As the law has expanded over the years, Li argues that MAID is missing "crucial safeguards for patients" by no longer limiting it to people whose deaths are "reasonably foreseeable."

She criticized the law for not requiring a clinician to see patients and discuss potential issues causing them to seek MAID.

"The MAID track for people without a terminal illness stipulates that the clinician must have 'discussed with the person the reasonable and available means to relieve the person's suffering, and agree that the person has given serious consideration to those means,'" Li wrote. 

"I don't think that's sufficient.
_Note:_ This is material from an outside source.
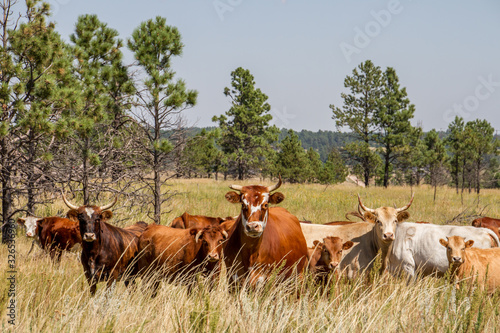 Cattle on mixed woodland-savannah pasture.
It should say something like 'the clinician has to agree that there have been reasonable attempts at treatment,'" the doctor continued. "The practice guidelines and training will suggest this, but they are optional recommendations, and different jurisdictions and providers will adopt them unevenly." 

According to a CTV News Nanos poll released last August, 62% of Canadians agree or somewhat agree that people who are being treated for mental illness should be eligible for MAID. 

Dr. Ellen Wiebe believes that both mental and physical illness cause "unbearable suffering." The doctor has assisted over 400 people with hastening their deaths via the MAID program.

She told CTV W5 that more than 1,700 Canadian doctors and nurse practitioners have experience assessing patients seeking MAID for physical illnesses, arguing that the questions for mentally ill patients will likely be the same. 

"Do they understand their disease? Do they understand the prognosis? Do they understand their choices?" she asked.

"If you are suffering unbearably, you've got the right to say, 'I've had enough,' and you'll go through a process with safeguards," Wiebe continued. 

She cited 81-year-old John Scully as an example of a patient she believes will benefit from the MAID expansion. Scully is a retired journalist and father who has already submitted paperwork to legally end his life and is waiting for the Canadian government to expand the MAID law. 

The former reporter has struggled with depression, anxiety, suicidal thoughts and post-traumatic stress disorder for 35 years. He told the outlet that he had attempted suicide twice and now seeking MAID to ensure he succeeds this time. 

Scully's two children and wife of 57 years have given him their approval to preemptively end his life through MAID. 

Wiebe said that healthcare professionals who provide MAID for physical illnesses determine a patient's eligibility by reviewing past treatments the patient has undergone, deciding whether they've sought enough alternatives before seeking MAID. 

Wiebe also acknowledged weaknesses in Canada's ability to provide mental healthcare, expressing a desire to improve the system. 

According to the Canadian Mental Health Association, 70% to 90% of people struggling with severe mental illness in Canada are unemployed. 

A report released in May 2021 by the Canadian Institute for Health Information found that from 2019 to 2020, half of Canadians waited up to a month for ongoing counseling services, while one in 10 waited four months. 

Earlier this month, CP reported on Tyler Dunlop, 37, a healthy, able-bodied man struggling with homelessness who recently began the MAID process.

In an interview with Orillia Matters, Dunlop said he refused the hospital's offer to admit him for a psychiatric assessment and offers of food, water and shelter to prove that he was serious about the decision. 

"I looked at my future, and I said, 'What am I going to be in the next 10 years?' Same thing: wandering around homeless," Dunlop stated.

According to Dunlop, the rising housing costs and inflation have solidified his decision. 

"If I can help people, well, that's good enough reason to stay, but I feel useless," Dunlop said. "That's why I want to do this: I'm hurting people. I'm hurting myself. I'm hurting society."